A.C.: The NHR (Non-Habitual Residents) tax regime means there are different people buying in Portugal. They are very demanding consumers, who have been through austerity and want to spend their money wisely. Also, because sales are happening, sellers feel more confident in not accepting discounts. The Algarve market has always been a UK market, but there are now more Swiss and French buyers, as well as Chinese.

A.R.: In your opinion, which programme has benefitted the Algarve the most? The Golden Visa or the NHR tax regime?

A.C.: Without a doubt, the NHR. But they have impacted different parts of the market. The NHR attracted more French and Swedish buyers, but the bulk of the demand is for properties that cost €300,000 or less. That profile of stock is not the same that sits with the Golden Visa Programme market. These clients are not users of the properties; they want to make a good, solid investment to acquire the visa. The easier it is to buy, the better. That is why established resorts, such as Pine Cliffs (Albufeira) and Martinhal (Sagres), have made packages successful. Even these developments are running out of stock. It was working really well, but there are some challenges to the programme, such as longer processing times which will make it less competitive in the future.
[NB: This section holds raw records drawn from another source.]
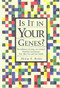 Is It in Your Genes? The Influence of Genes on Common Disorders and Diseases that Affect You and Your Family by Philip R. Reilly, 9780879697211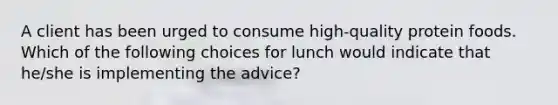 A client has been urged to consume high-quality protein foods. Which of the following choices for lunch would indicate that he/she is implementing the advice?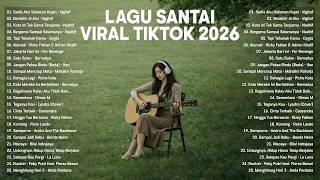 Lagu Santai Viral Tiktok 2026 — Lagu Pop Indonesia Terbaru 2026 | Pop Hits Indonesia 2026 #viral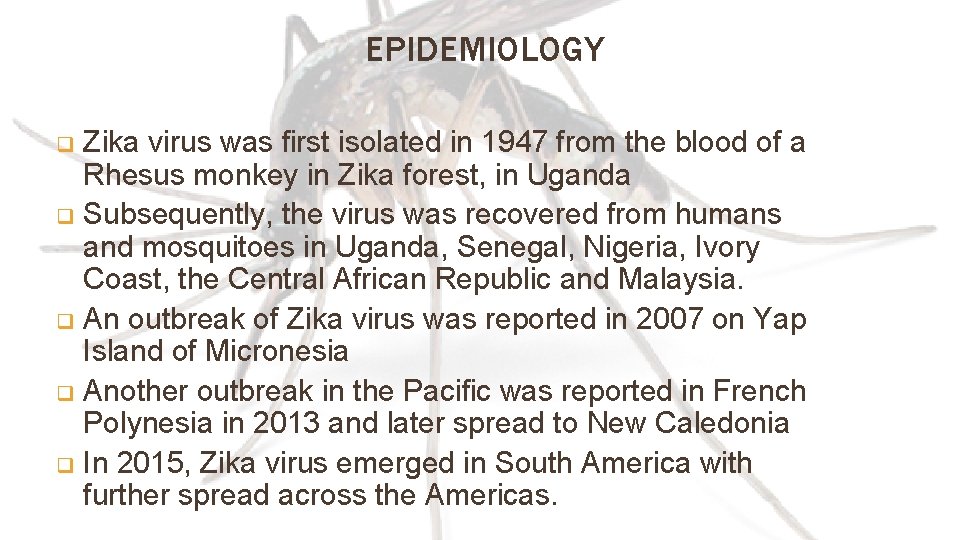 EPIDEMIOLOGY Zika virus was first isolated in 1947 from the blood of a Rhesus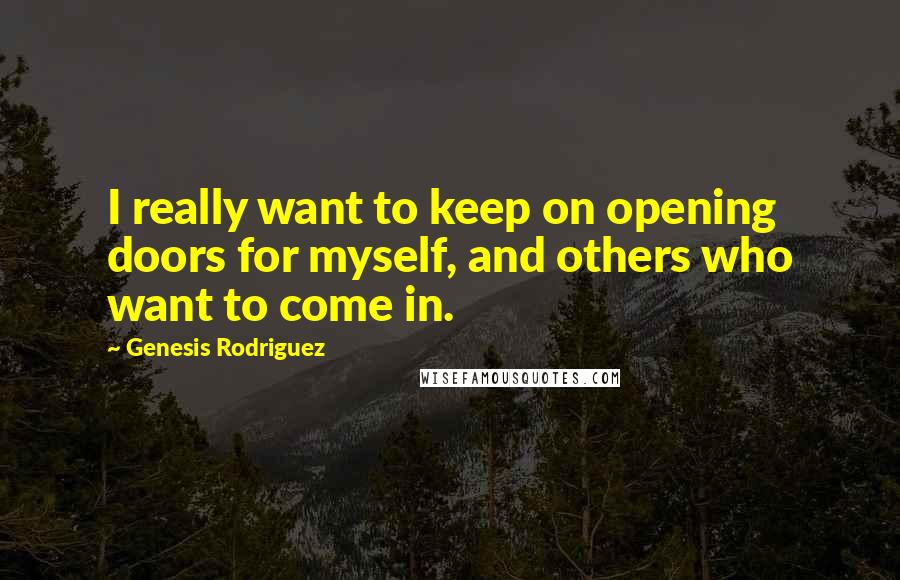 Genesis Rodriguez quotes: I really want to keep on opening doors for myself, and others who want to come in.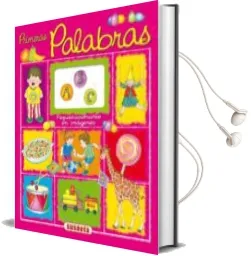Descargar AudioLibro Primeras Palabras (Pequediccionarios en Imagenes) de Gisela Socolovsky año 2004
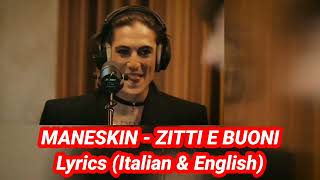 MANESKIN  ZITTI E BUONI LYRICS ITALAN amp ENGLISH EUROVISION 2021 CHAMPIONS TikTok Viral [upl. by Cristiona]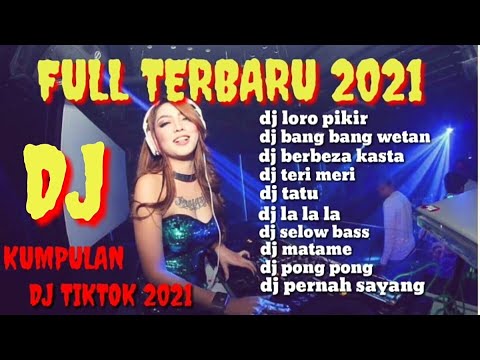 DJ TIKTOK TERBARU VIRAL 2021🔴PECAH PERAWAN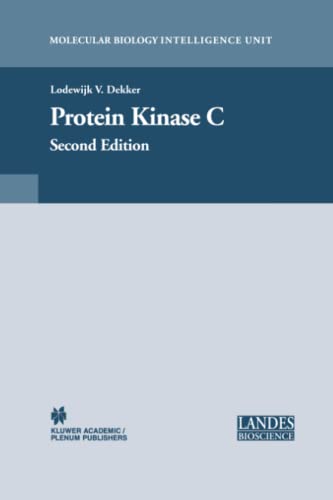 Protein Kinase C: Second Edition (Molecular Biology Intelligence Unit)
A.R.: The report mentions the Algarve’s discreteness and authenticity. Does this help the property market?

A.C.: The Algarve is not a mass tourism destination. It’s all about scale: the Algarve is about 10% of the size of the Costa del Sol. The region has a boutique scale, which brings the opportunity for a higher market positioning. Relatively speaking, the environment has been preserved, particularly in the Eastern Algarve, and that is quite rare in the European development environment.

A.R.: The report mentions some new resorts, including The Keys and Ocean View. Is this a turning point for the Algarve?

A.C.: A number of turning points have happened for the Golden Triangle and Quinta do Lago over the last three years. There has been a phenomenal investment with the Conrad Hotel and now with The Keys. Quinta do Lago is beginning to take advantage of the return of the market. This was one of the places in Europe in the 1980s and 90s. And it’s happening again. This is very positive because it attracts a different profile of tourists, who will see it, experience it for themselves, and then buy property.

A.R.: Has the Vale do Lobo scandal affected the image of the Algarve property market?

A.C.: The question is, to what extent has the situation become common knowledge in key source markets. I would like to think that large newspapers such as The Guardian are not focusing on that story. But it’s not positive either, and the sooner it is resolved the better.

A.R.: Do you believe that this positive market trend is set to continue?

A.C.: We have to think about how sustainable this momentum is. The UK has been a primary market for the Algarve for decades. There are new markets now and what you have to do is take your hat off to the Portuguese government for creating these programmes. They are serving their purpose and attracting investment. There is no reason to think this will cease. Also, we have to consider the power of word of mouth, because when clients go back home for six months they create a new dynamic just by talking about the country, what they ate, what they saw… I believe the same thing has happened in China. If we have 5,000 Swedish and French buyers, they will be talking about Portugal to at least 5,000 people when they go back home – it’s the power of word of mouth. That is very positive and will keep this dynamic going.

The ILM Group specialises in providing strategic advisory, development and asset management services for the international hospitality, leisure, tourism and heritage sectors.